Our operations oriented approach to managing investments will also result in the optimization of investment returns. By proactively being involved in the day-to-day operation of investments, Brookfield ensures the maximization of returns through operational efficiencies and the capitalization of growth opportunities.
We believe that together, these attributes will Brookfield Infrastructure to successfully acquire and build a high quality portfolio of infrastructure assets, which will result in superior risk adjusted returns for the partnership. I’d now like to turn the call over to John who will walk through a number of the specifics of the transaction.
John Stinebaugh
Thanks, Sam. I‘d like to start by talking about the structure of the spin-off.
The spin-off of Brookfield Infrastructure will be accomplished by a special dividend by BAM, to its shareholders of 50% of Brookfield Infrastructure’s units. Brookfield will retain the remaining 40% of the units.
BAM shareholders will receive one Infrastructure unit for every 25 BAM shares held. This is roughly equivalent to $1 per BAM share.
Brookfield Infrastructure will be a publicly traded partnership listed on New York Stock Exchange. This is managed by Brookfield.
As Aaron mentioned, it’ll be Brookfield’s primary entity for the acquisition of Infrastructure assets on global basis. Going forward, our objective is to provide an attractive total return for our unit holders.

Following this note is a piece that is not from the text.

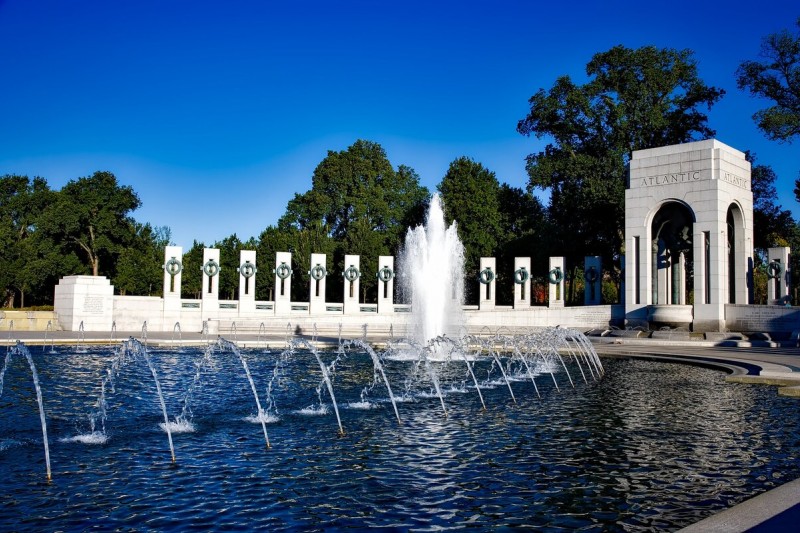 Памятник 16 миллионам американских солдат, погибшим на Второй Мировой Войне (фото David Mark)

Our distribution policy will be to make quarterly cash distributions at a level that is sustainable on a long term basis factoring in maintenance and capital expenditures. We believe that 65% to 75% of operating cash flow is an appropriate level.

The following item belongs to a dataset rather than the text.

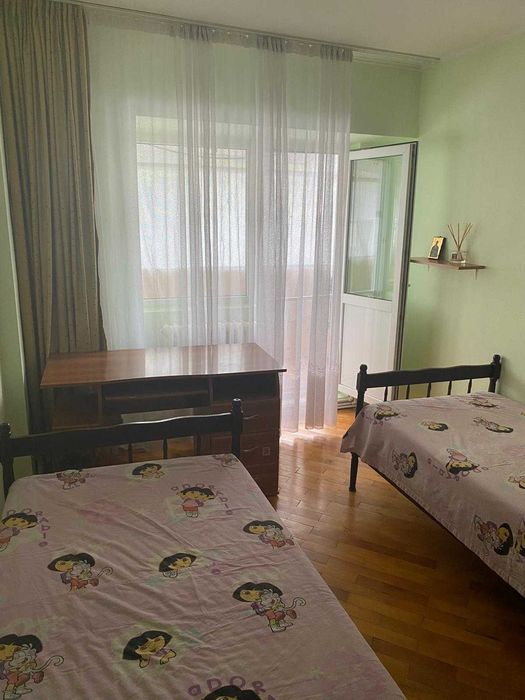 Vând apartament 3 camere Păcurari- Esplanada Mimoza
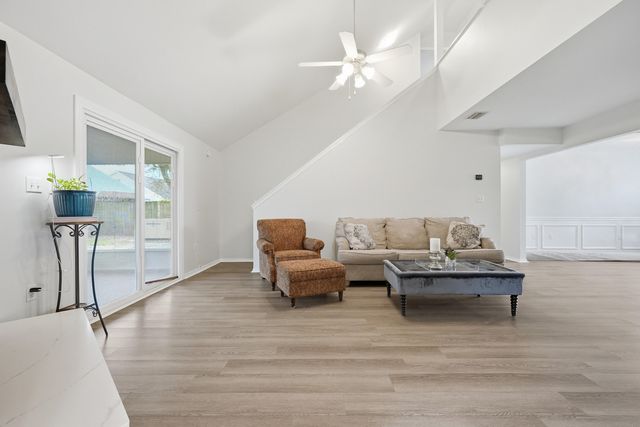 972 Claeven Circle, Fort Walton Beach, FL 32547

Through organic growth of our portfolio as well as acquisitions, we will seek to increase our operating cash flow per unit which should generate dividend growth and capital appreciation. Now I’d like to walk through some of Brookfield Infrastructure's financial highlights.
As you look at our financial information in the prospectus, I would encourage you to focus on the pro forma financial statements. These include all of our operations as well as the impact of Brookfield Infrastructure's structure.
Whereas the historical statements only include Island Timberlands and Transelect. On a pro forma basis, Brookfield Infrastructure's operating cash flow was $58 million in 2006 and $90 million in the first quarter of 2007.
On a run rate basis for 2006, operating cash flow was $70 million, which factors in $15 million from increased harvest levels at our timber operation as well as $4 million of public company costs. As I mentioned Brookfield Infrastructure will be managed by Brookfield.
We will provide services under our master services agreement. Under this agreement, Brookfield will receive a base fee which is approximately equal to 1.25% of Brookfield's market value which is in line with comparable entities.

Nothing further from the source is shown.